=== Assignment ===
A word-for-word copy of the records that follow is needed, with every picture omitted.

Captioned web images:

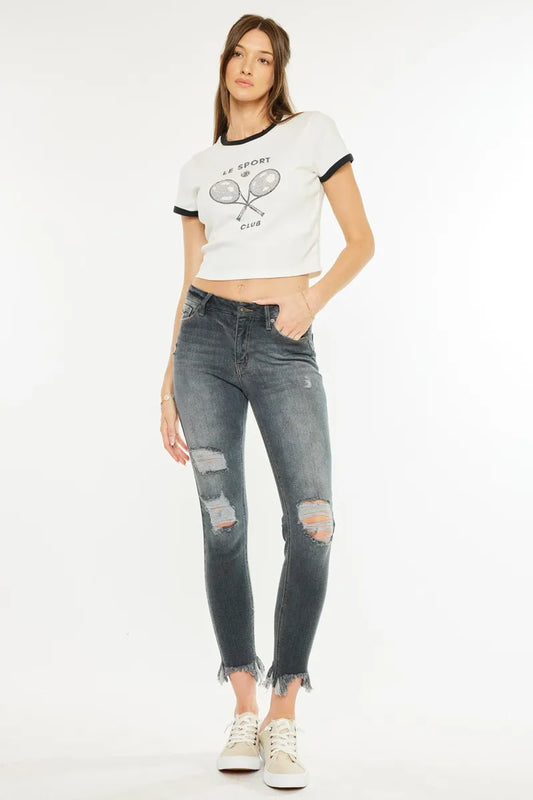 Kancan high-rise distressed ankle skinny jeans with frayed hems and distressed details, fitted silhouette in classic denim blue.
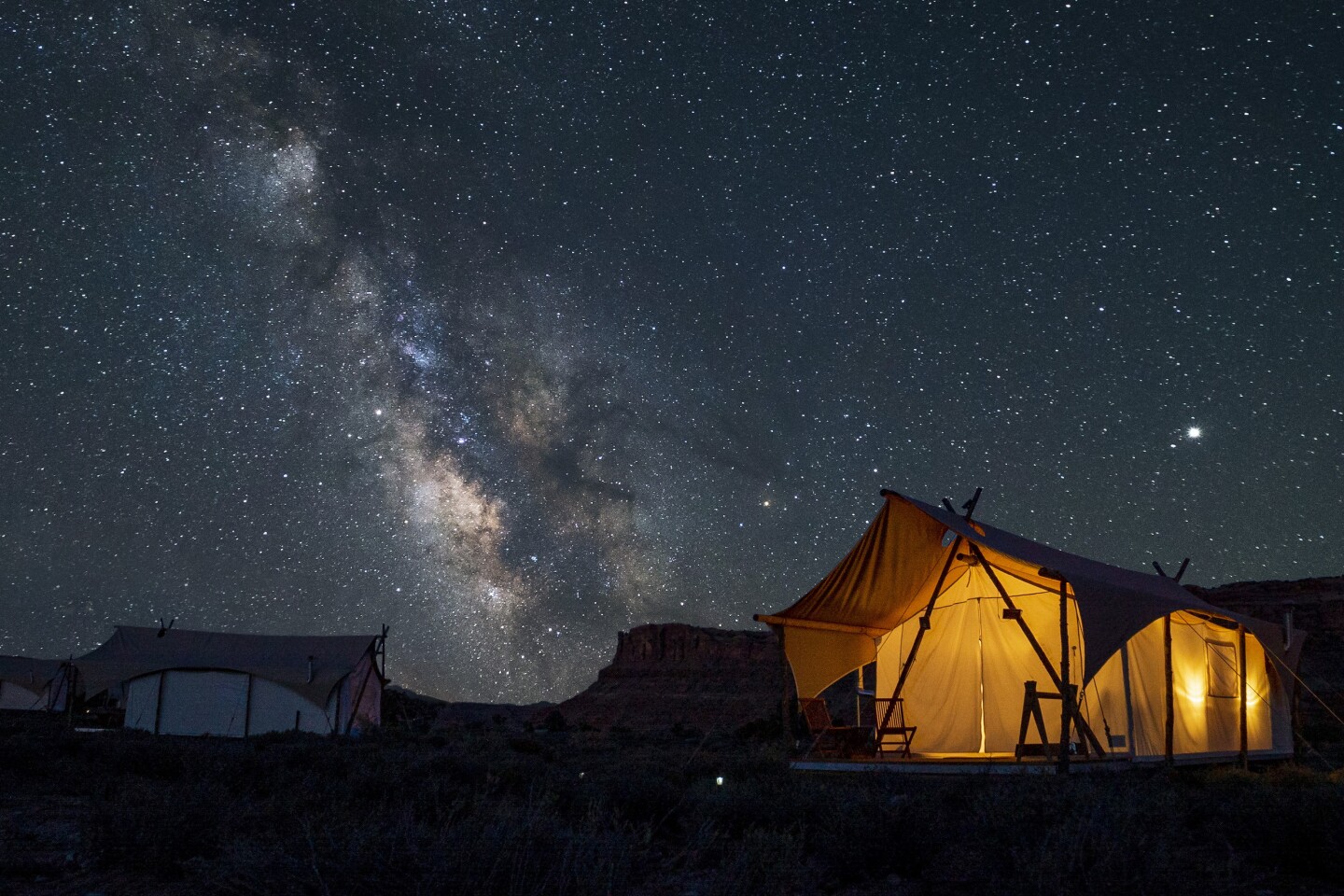 A tent accommodation at Under Canvas Moab with lighting inside the tent and a clear view of stars in the night sky above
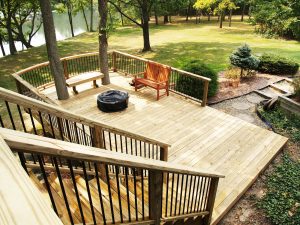 A Signature Decks and Construction project with stairs leading to a patio deck surrounding a fire pit.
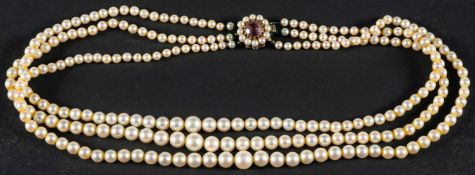 A three-row, graduated, cultured pearl necklace, the pearls of yellowish hue with pink overtones,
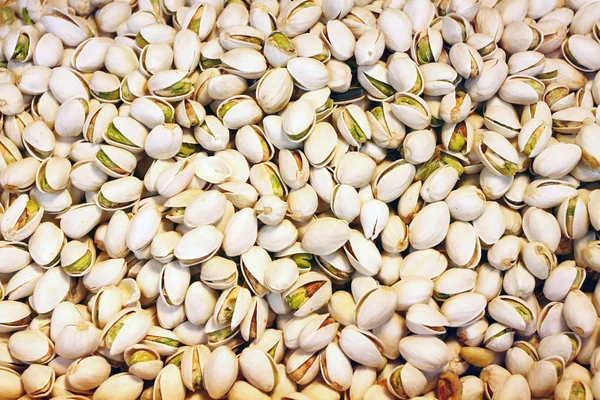 Bakgrund av läckra pistagenötter. — Stockfoto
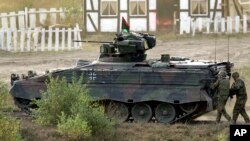 ARCHIVO - Varios soldados avanzan caminando junto a un vehículo de combate de infantería Marder durante una demostración realizada para la prensa en Bergen, cerca de Hannover, Alemania, en septiembre de 2011.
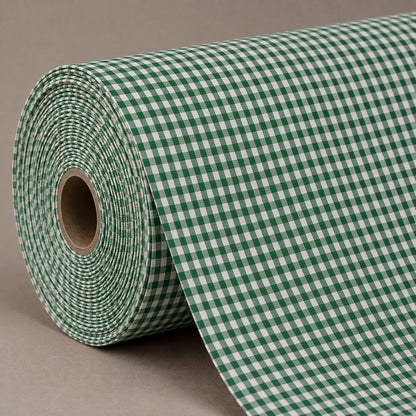A roll of green and white gingham patterned material, partially unrolled, set against a solid neutral gray background.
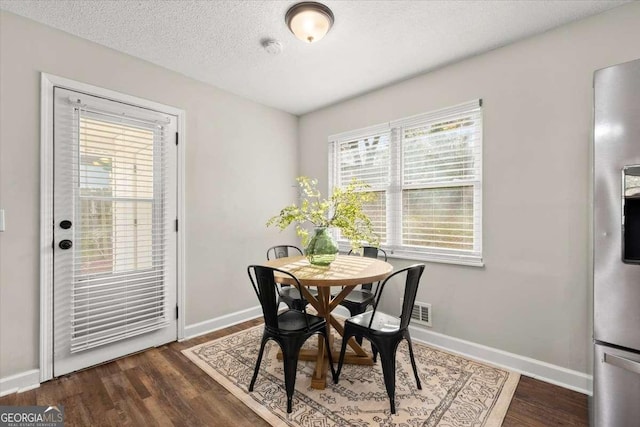 dining room with dark hardwood / wood-style floors and a textured ceiling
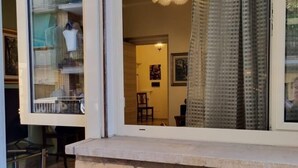 A room with a view through a window, a brick ledge, and a chair inside. - Happy Home Piramide Cestia Lussuoso Unico Esclusivo a Roma (Rome)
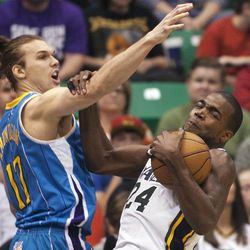 Utah's Paul Millsap grabs a rebound as he battles with Lou Amundson as the Utah Jazz and the New Orleans Hornets play Friday, April 5, 2013 at EnergySolutions Arena in Salt Lake City. Utah won 95-83.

=== Expected answer ===
 Kancan high-rise distressed ankle skinny jeans with frayed hems and distressed details, fitted silhouette in classic denim blue.
 A tent accommodation at Under Canvas Moab with lighting inside the tent and a clear view of stars in the night sky above
 A Signature Decks and Construction project with stairs leading to a patio deck surrounding a fire pit.
 A three-row, graduated, cultured pearl necklace, the pearls of yellowish hue with pink overtones,
 Bakgrund av läckra pistagenötter. — Stockfoto
 ARCHIVO - Varios soldados avanzan caminando junto a un vehículo de combate de infantería Marder durante una demostración realizada para la prensa en Bergen, cerca de Hannover, Alemania, en septiembre de 2011.
A roll of green and white gingham patterned material, partially unrolled, set against a solid neutral gray background.
 dining room with dark hardwood / wood-style floors and a textured ceiling
 A room with a view through a window, a brick ledge, and a chair inside. - Happy Home Piramide Cestia Lussuoso Unico Esclusivo a Roma (Rome)
 Utah's Paul Millsap grabs a rebound as he battles with Lou Amundson as the Utah Jazz and the New Orleans Hornets play Friday, April 5, 2013 at EnergySolutions Arena in Salt Lake City. Utah won 95-83.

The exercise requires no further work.